Heath-Stubbs's work was first published in an anthology titled Eight Oxford Poets in 1941. The publisher was Herbert Read, poetry advisor to Routledge, and the volume was edited by Sidney Keyes and Michael Meyer. Keyes's The Iron Laurel and Heath-Stubbs's Wounded Thammuz were published by Routledge in 1942.
Heath-Stubbs graduated from Oxford in 1942, but although he began work on a B.Litt. he decided not to continue in academia. However, he continued to write and publish poetry during this time, including Beauty and the Beast (1943) and an elegy for Sidney Keyes, who was killed in action in 1943, published in The Divided Ways (1945). Heath Stubbs was also introduced to Merton College's literary society, the Bodley Club, by William Bell. Bell's anthology Poetry from Oxford in Wartime (1945) included a number of poems by Heath-Stubbs.
After leaving Oxford, Heath-Stubbs moved to London, where he initially took a teaching job at The Hall preparatory school. He resigned after a short time and worked instead on Hutchinson's popular illustrated encyclopaedia, contributing articles on literature, music, theology, plants, birds, insects and cookery. He continued to write and publish poetry, and his work appeared in Wrey Gardiner's Poetry Quarterly, Hugh Kingsmill's New English Review and John Lehmann's Penguin New Writing. T.S. Eliot invited him to edit The Faber Book of Twentieth Century Verse, which Heath-Stubbs compiled with David Wright, his friend from Oxford.
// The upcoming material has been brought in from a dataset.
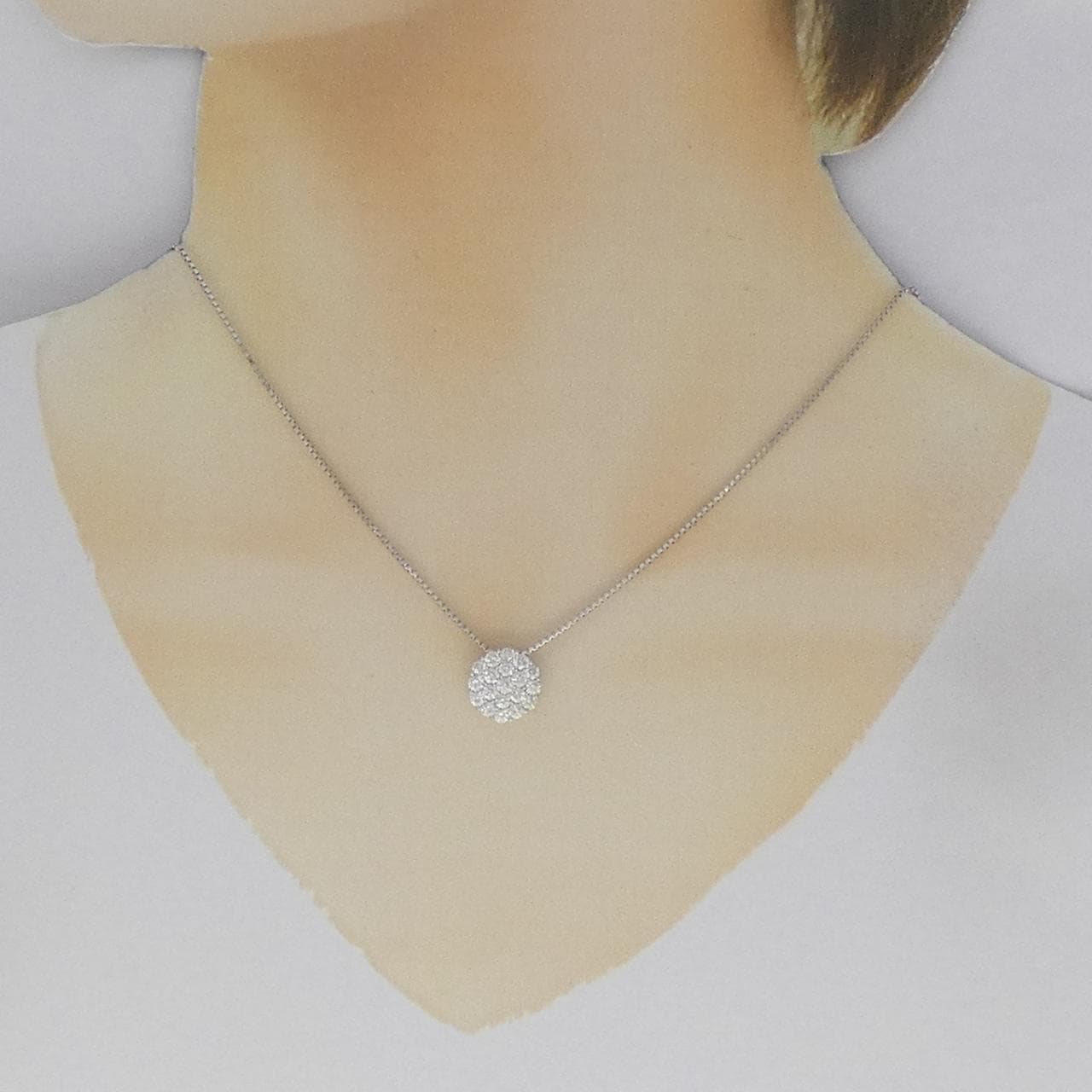 K18WG パヴェ ダイヤモンド ネックレス 1.00CT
Over the next two decades, Heath-Stubbs continued to publish his work with a variety of publishers before beginning a lasting association with Michael Schmidt's Carcanet Press in Manchester. Among the work published by Carcanet was The Watchman's Flute (1978), Naming the Beasts (1982), The Immolation of Aleph (1985) and Collected Poems, 1943-1987 (1988). However, his major work, Artorius, was originally published by Enitharmon Press in 1973.
In 1952, Heath-Stubbs became the second Gregory Fellow in Poetry at the University of Leeds. During this time he came into contact with artists Jacob Kramer and Tom Watt, Bonamy Dobrée (head of the English department at Leeds), composer Peter Dickinson, lecturer Arthur Creedy and Kenneth Severs, head of the BBC in Leeds. Following his three year tenure in Leeds, he continued his teaching career at the University of Alexandria (1955-1958), the University of Michigan (1960-1961), and the College of St Mark and St John, Chelsea (1963-1973). He was also a part time lecturer at Merton College, Oxford.
Heath-Stubbs became a Fellow of the Royal Society of Literature in 1953. He received the Queen's Gold Medal for poetry in 1973 and the Commonwealth Poetry Prize in 1989. In 1989 he was also awarded the OBE. During his lifetime he produced more than thirty volumes of poetry amongst other works of literature. His last collection, Pigs Might Fly, was published by Carcanet in 2005. He died on 26 December 2006 at the age of 88.